## Wednesday, April 11, 2012

### Topcoder SRM 540

Fun problem set. But I spent most of the time solving a problem that was much easier than 550. Instead of solving the real 550.

## div1 250: The one with the intervals

All right all right. Let us count the number of correct arrays (a1, a2,... an+1) such that ai opi ai+1 = bi for all i Such that opi are operators (+ or -) and all ai are positive.

Let us say that a1 = x. We have x > 0 as the first condition. If op1 was -, then we would have to solve the equation: b1 = a2 - a1 = a2 - x. Or (a2 = b1 + x). We got a new condition: (b1 + x > 0). Likewise, if the first operator was positive we would have: b1 = a2 + x ; a2 = b1 - x. So the new condition will become b1 - x > 0.

Let us define for each i : ai = s * x + y. Such that s is 1 or -1 (the sign). For each i, you can find the values of s and y by using the values from (i-1) by using the equations. Then you have to use the condition: s * x + y > 0. Depending on the sign of x, this will become either a lower bound for x or an upper bound for x. At the end, you will have plenty of upper and lower bounds (if you do not have any upper bound, there are infinite results) (x must be positive, so the lower bound is at least 1). Pick the minimum upper bound and the maximum lower bound, then use a single subtraction to count the number of ways x can be set.

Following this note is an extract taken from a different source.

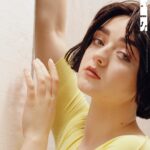 Maisie Williams Instagram - @super___magazine whole___new___world 🌎🌍🌏 Words @georgie_wright_ Photography @richarddowker Styling @giovannibedafolco Hair @wakaadachi Makeup @mwhite_makeup Thanks to RiDa Studios and Pixipixel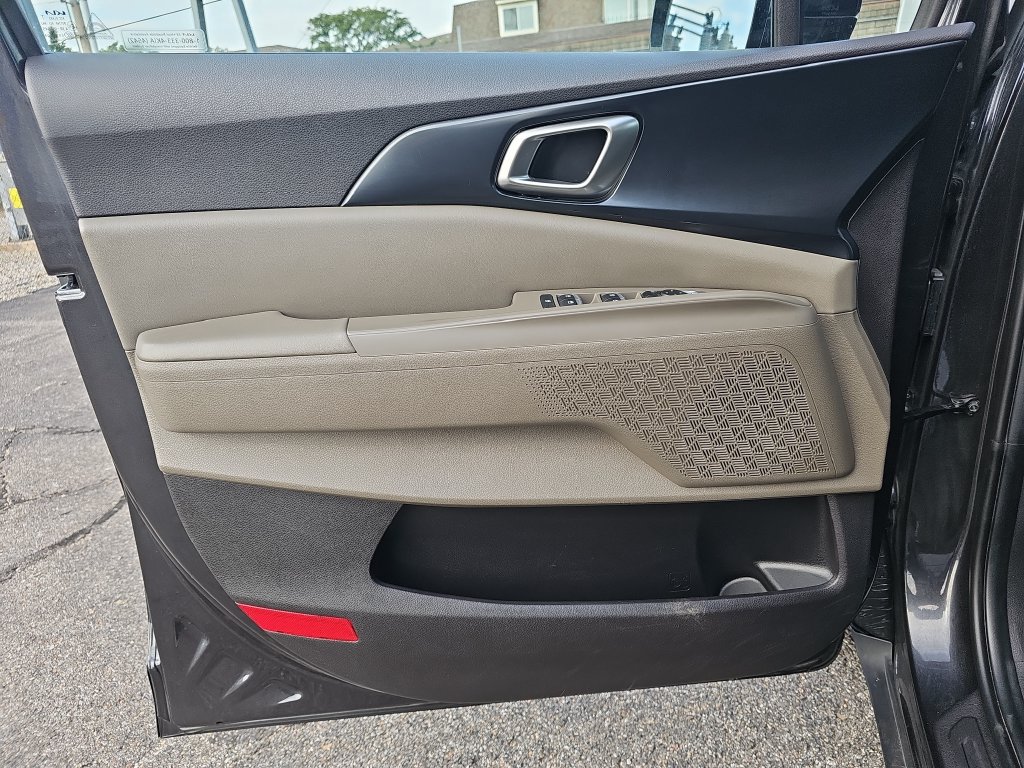 Used 2025 Kia Carnival FWD image 24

Implementation can be tricky. I would post my beautiful code I made during the match, but I am in a different computer and TopCoder won't let me CNP my own code.

### So here it is:

#include <valarray>
#include <queue>
#include <sstream>
#include <iostream>
#include <set>
#include <map>
#include <cassert>

using namespace std;

typedef long long int64;
#define long int64

struct ImportantSequence
{
int getCount(vector <int> B, string operators)
{
int n = B.size();
int s = 1;
long y = 0;
const long INF = numeric_limits<long>::max();
long lowBound = 1;
long upperBound = INF;
for (int i=0; i<=n; i++) {
// value of the last number is
// x*s + y  > 0
// x*s > -y
if (s == -1) {
// -x > -y
// x < y
upperBound = std::min(upperBound, y);
} else {
// x > -y
lowBound = std::max(lowBound, -y + 1);
}

if (i==n) {
break;
}
if ( operators[i] == '-') {
//new number is:
//  B[i] = (x*s + y) - z
//    z  = (x*s + y - B[i])
y -= B[i];
} else {
//new number is:
//  B[i] = (x*s + y) + z
//   z   = B[i] - (x*s + y)
//   z   = B[i] - x*s - y
s *= -1;
y = -y + B[i];
}

}
if (upperBound == INF) {
return -1;
}
if (upperBound <= lowBound) {
return 0;
}
return upperBound - lowBound;

}
};
#undef long


## div1 550: The one with the colors

I spent most of the match thinking that colors are independent. As such you can find the probability that each color will be ugly and then combine the 3 probabilities. I spent most of the match baffled as to why I failed the last test cases. From my analysis, I was certain the colors were independent, but examples suggested that was not the case. But I could not find a reason for this... Until, some few minutes before the end, I noticed that while all differences must be at most d2, only one of the differences between color components must be at least d1. Thus the colors are not independent. Yay.